Ideally a multiservice network would be built from layer 3 switches that posses the QoS capabilities, VLAN support, link trunking or high-speed links, routing and modern route advertisement protocol support. The reality is that most enterprises have an amalgam of equipment that reflects some combination of former network designers’ preferences, and the lowest cost bid at the time of acquisition. Can these existing networks be migrated into a network capable of delivering quality voice services? Maybe.

Because of the volume of calls that can be handled by automated call processing platforms there are some special considerations that apply to them. They will be covered later.

The first issue that must be considered is which voice services are going to be extended over the data network. Second, a reasonably detailed model of the traffic expected for each of the supported voice services must be developed. It is also important that the data traffic be studied and a model developed. When both models are available, they should be combined to give a total view of the expected network load.

The third step is to complete a preliminary network design based on the converged model. Add layers and network routing elements as appropriate to the size of your organization.

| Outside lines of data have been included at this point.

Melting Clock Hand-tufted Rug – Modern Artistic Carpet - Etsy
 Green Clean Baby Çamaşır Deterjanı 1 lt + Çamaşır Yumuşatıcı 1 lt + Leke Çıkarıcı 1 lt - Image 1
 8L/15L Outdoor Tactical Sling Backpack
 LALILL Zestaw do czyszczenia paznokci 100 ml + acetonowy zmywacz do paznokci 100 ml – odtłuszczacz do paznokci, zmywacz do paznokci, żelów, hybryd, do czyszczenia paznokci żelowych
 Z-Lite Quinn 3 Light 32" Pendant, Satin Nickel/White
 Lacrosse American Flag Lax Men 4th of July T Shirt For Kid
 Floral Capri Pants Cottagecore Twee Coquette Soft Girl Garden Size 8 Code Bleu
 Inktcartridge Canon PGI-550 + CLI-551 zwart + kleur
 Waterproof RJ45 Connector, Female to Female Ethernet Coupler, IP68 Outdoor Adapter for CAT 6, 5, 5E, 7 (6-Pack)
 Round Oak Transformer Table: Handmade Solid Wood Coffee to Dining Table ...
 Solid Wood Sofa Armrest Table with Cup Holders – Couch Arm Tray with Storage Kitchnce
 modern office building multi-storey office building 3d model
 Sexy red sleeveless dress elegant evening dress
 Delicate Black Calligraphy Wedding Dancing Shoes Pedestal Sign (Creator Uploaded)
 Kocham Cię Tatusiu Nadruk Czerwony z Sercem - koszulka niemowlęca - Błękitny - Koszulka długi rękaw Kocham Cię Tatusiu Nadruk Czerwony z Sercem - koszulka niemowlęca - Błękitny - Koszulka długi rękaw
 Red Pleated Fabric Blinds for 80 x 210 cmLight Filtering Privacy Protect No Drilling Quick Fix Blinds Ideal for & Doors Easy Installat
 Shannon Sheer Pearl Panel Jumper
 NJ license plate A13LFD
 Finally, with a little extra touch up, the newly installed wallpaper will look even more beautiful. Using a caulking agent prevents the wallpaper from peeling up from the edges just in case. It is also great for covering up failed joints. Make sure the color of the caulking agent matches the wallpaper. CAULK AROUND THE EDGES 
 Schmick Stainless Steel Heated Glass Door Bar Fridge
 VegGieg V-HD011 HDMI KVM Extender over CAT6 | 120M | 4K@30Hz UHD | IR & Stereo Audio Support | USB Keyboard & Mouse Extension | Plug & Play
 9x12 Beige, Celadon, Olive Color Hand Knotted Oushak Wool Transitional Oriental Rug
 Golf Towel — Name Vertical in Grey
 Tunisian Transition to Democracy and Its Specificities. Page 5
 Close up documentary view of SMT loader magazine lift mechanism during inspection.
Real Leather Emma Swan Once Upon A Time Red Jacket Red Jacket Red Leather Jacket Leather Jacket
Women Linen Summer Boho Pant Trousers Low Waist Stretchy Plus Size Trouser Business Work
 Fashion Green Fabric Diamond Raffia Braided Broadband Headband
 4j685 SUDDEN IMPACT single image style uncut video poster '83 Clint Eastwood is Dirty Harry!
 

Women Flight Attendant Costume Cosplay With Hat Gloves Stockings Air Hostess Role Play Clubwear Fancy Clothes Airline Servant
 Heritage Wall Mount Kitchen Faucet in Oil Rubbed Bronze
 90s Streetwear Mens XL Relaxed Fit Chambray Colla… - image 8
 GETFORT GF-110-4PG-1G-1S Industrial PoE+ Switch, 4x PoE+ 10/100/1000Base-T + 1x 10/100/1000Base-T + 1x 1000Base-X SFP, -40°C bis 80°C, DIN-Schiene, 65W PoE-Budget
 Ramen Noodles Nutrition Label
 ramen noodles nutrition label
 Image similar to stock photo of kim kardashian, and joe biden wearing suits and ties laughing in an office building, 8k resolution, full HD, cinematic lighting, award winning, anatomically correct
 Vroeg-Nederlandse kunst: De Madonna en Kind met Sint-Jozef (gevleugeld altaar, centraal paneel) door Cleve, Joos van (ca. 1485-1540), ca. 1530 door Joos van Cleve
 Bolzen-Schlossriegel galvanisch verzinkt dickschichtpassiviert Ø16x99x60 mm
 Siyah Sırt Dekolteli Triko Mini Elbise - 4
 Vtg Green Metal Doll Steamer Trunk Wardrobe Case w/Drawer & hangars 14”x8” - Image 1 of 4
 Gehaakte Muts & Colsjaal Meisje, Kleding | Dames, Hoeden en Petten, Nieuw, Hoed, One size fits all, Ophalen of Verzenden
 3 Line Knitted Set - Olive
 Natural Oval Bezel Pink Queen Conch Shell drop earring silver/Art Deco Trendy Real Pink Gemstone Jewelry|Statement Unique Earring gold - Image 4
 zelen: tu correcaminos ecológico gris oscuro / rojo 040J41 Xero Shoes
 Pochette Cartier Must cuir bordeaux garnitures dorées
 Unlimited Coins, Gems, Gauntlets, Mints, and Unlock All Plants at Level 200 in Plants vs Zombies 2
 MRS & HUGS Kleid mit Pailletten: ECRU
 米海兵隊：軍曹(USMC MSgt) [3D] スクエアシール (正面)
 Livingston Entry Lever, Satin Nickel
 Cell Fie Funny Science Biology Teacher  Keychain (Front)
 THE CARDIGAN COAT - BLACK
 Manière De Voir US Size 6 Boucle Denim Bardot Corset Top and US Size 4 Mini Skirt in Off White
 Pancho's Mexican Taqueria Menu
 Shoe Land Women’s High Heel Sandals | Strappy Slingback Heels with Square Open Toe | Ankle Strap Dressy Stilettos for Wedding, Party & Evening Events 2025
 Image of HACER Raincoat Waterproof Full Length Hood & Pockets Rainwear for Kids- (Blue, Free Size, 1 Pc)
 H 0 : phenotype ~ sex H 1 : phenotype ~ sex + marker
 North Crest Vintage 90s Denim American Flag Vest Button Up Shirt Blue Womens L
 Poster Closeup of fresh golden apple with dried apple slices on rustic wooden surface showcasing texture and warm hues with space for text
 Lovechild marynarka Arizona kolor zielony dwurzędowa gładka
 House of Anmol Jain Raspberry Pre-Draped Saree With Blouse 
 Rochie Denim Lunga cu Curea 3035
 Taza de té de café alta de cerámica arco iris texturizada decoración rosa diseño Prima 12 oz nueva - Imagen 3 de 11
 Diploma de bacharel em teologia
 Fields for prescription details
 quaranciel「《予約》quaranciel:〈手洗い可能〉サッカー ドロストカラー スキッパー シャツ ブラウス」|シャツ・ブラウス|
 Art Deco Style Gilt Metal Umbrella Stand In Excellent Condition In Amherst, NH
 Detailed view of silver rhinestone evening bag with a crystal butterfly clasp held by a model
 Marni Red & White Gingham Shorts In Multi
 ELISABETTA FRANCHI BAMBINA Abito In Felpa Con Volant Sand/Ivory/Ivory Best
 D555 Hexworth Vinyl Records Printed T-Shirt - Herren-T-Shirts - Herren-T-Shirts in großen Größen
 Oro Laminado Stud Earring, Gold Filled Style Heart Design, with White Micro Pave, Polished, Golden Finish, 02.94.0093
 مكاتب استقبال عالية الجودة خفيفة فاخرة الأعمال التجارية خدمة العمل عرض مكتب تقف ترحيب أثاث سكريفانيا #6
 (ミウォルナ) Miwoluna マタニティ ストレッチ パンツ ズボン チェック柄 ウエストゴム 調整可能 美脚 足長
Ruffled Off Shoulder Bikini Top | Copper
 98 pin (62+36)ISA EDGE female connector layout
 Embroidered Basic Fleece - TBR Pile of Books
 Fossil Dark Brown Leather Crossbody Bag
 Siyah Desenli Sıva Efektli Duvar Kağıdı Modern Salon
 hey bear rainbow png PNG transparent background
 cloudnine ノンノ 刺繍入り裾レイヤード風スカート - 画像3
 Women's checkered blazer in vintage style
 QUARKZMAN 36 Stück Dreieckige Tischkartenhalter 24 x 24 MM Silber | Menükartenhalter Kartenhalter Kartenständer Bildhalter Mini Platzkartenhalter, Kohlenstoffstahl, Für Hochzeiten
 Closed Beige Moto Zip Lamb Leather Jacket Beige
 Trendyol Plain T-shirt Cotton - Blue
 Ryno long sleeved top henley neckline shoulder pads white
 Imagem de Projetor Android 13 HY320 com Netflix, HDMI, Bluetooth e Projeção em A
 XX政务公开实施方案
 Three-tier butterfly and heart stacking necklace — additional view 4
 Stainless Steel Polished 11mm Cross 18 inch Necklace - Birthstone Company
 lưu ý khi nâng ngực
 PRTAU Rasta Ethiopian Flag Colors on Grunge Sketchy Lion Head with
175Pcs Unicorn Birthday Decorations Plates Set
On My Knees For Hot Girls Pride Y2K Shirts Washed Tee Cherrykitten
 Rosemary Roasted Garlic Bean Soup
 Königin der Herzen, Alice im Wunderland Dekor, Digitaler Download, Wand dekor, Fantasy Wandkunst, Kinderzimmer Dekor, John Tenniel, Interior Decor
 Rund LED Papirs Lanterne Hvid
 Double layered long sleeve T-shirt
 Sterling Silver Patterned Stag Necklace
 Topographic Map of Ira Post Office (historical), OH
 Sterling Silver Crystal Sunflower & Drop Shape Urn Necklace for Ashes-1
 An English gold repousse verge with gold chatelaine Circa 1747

Next is to perform an assessment of the existing network infrastructure. Some important things to do are:

  • Any hubs in the network should be retired or placed where they will not carry voice traffic. Hubs create a collision domain that spans every port on the hub, and more if hubs are interconnected together. As network traffic across a hub ebbs and flows, voice packets will be involved in collisions. As they are, the retry logic of Ethernet will automatically introduce jitter into the voice stream. Except in the very smallest of networks, hubs will not provide the performance for quality voice.
  • Assess the capabilities of the existing layer-two switches. Consider replacing any that are unmanaged. Good network monitoring is a key to keeping a VoIP system running smoothly.
  • Become aware of layer two switches that lack QoS and VLAN capabilities. In the case of switches that lack QoS services, if either a telephony access node or a WAN link router is going to be connected to such a switch, be sure that the missing service is available in the devices being connected. So for instance, the telephony access node should have jitter buffering and perhaps header compression, whilst the WAN link router should have the full suite of QoS mechanisms discussed above.
  • Upgrade any layer 3 switches that lack QoS mechanisms and the latest routing protocols, particularly those that can quickly compensate for routing element failures like OSPF.

The fifth step is to reassess the preliminary network design to incorporate or remove suspect elements identified in step four. At this point you are in a position to complete the requisite financial and business planning processes necessary in your enterprise to upgrade old devices and procure the new devices. Before wrapping up, the automated call processing platforms bear some discussion. Many of these platforms either come complete with, or specify that they should be installed on their own dedicated network. Consider a system that is capable of processing 2688 calls. All calls are routed through the telephony access node across an IP network to the processing point. As long as the calls are being serviced by the automation, there is absolutely no reason to inject that call onto your enterprise network. Treating the entire call-processing platform as a telephony access node means that you will not need to build up your enterprise network to service those calls. The overall network design can be smaller and less expensive because of that. Creating a multi-service network requires the consideration of many more factors than was necessary to build a data network. Additionally, running a multi-service network is not only more complex, but it requires better supervision. In the end, however, having a converged voice and data network will allow the consolidation of staff and the elimination of old telephony and data networking devices. In the end, VoIP should be able to give quite attractive ROIs to businesses in addition to providing new and enhanced services to the enterprise.